Witnesses said lives were saved when an automatic rifle used by one of a number of gunmen jammed, but they claimed up to 15 shots were fired in the small premises in the New Lodge district. The most seriously injured was an elderly man hit in the chest.

Responsibility for the attack was claimed by the illegal Ulster Defence Association.

Afterwards local people said the RUC and Army should do more to prevent such shootings, pointing out that the attack took place about 100 yards from a police station. The area, one of Northern Ireland's most violent, is generally heavily patrolled by troops and police.

For the security forces the incident follows several reasonably successful months of activity against violent Protestants. Loyalist paramilitants have complained recently that they are the subject of heavy security force surveillance.

The attack was an attempt to emulate two indiscriminate attacks on Catholic-frequented betting shops in the city. In February last year, five men were killed and nine injured in a similar attack in south Belfast, while last November three were killed and 13 injured at another shop in north Belfast.

Yesterday's attack took place in bright sunshine as punters waited to watch a 3pm race. Witnesses said that when the gunmen opened fire those inside threw themselves on the floor.

Locals said the gunmen fired more shots as they made their getaway in a car which had been hijacked earlier in the loyalist Shankill Road area, less than half a mile away.

A woman said: 'When I got to the bookies there was pandemonium . . . Everybody was squealing. Somebody says to me, 'Mairead, it's your father, it's your father' just as they brought him out on a stretcher.'

The worst of the injured was described as being in a serious but stable condition.
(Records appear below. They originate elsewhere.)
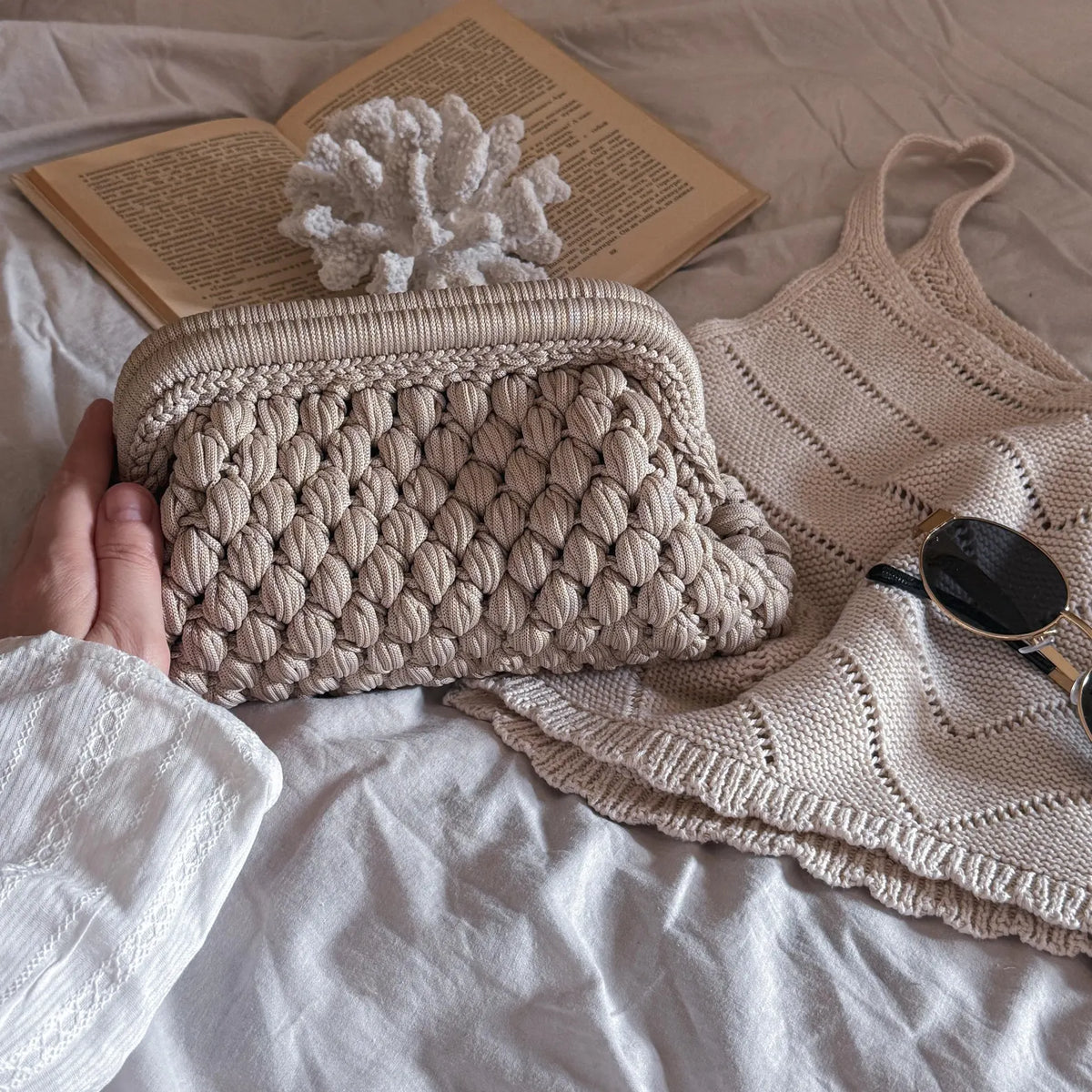 Crochet Cloud Clutch with Hidden Metal Locker - Ivory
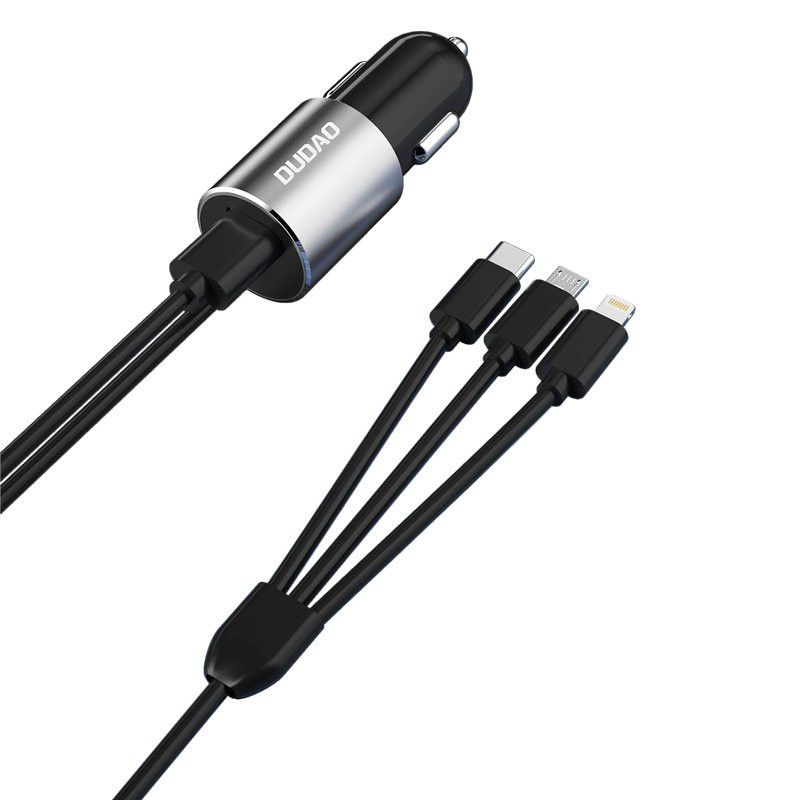 
3in1 USB automobilinis įkroviklis + įmontuotas Lightning USB-C mikro USB laidas, juodas
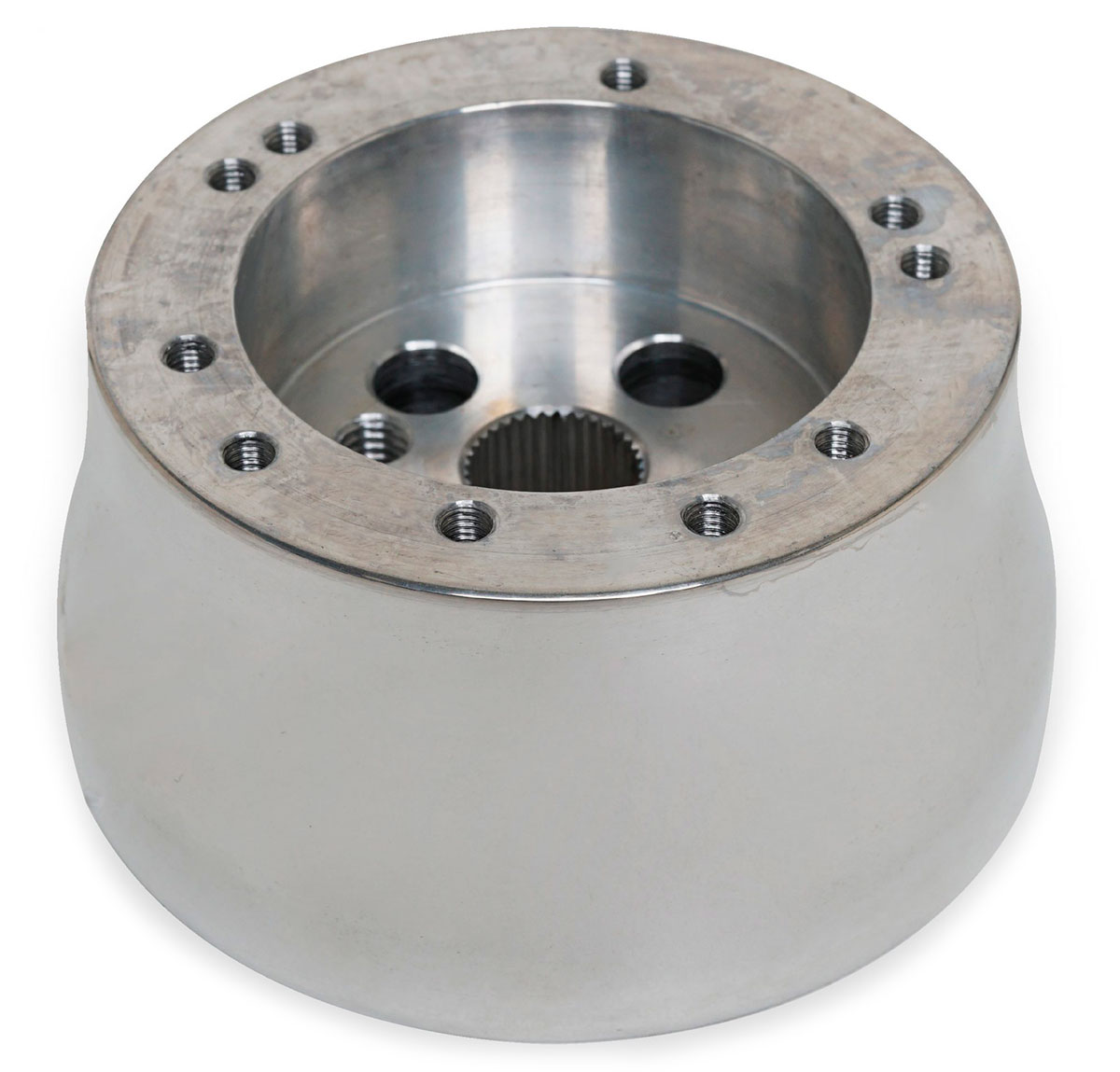 ALUM 5 & 6 HOLE STEERING WHEELADAPTER. POLISH SUIT GM COLUMN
A local priest, Father Francis McAllister, said: 'It's just terrible. There's no way you can guard against something like this. It was the time when schoolchildren were coming home so they could quite easily have been injured as well. People here are living in fear and terror. They're just totally shattered. It's very easy for anyone to come in and do a shooting and then make a quick escape.'

Fifteen people have been killed by loyalists so far this year. Earlier this week Peter Robinson, the Democratic Unionist MP for East Belfast, said the surge in loyalist violence was a backlash to government policies which were leading towards a united Ireland.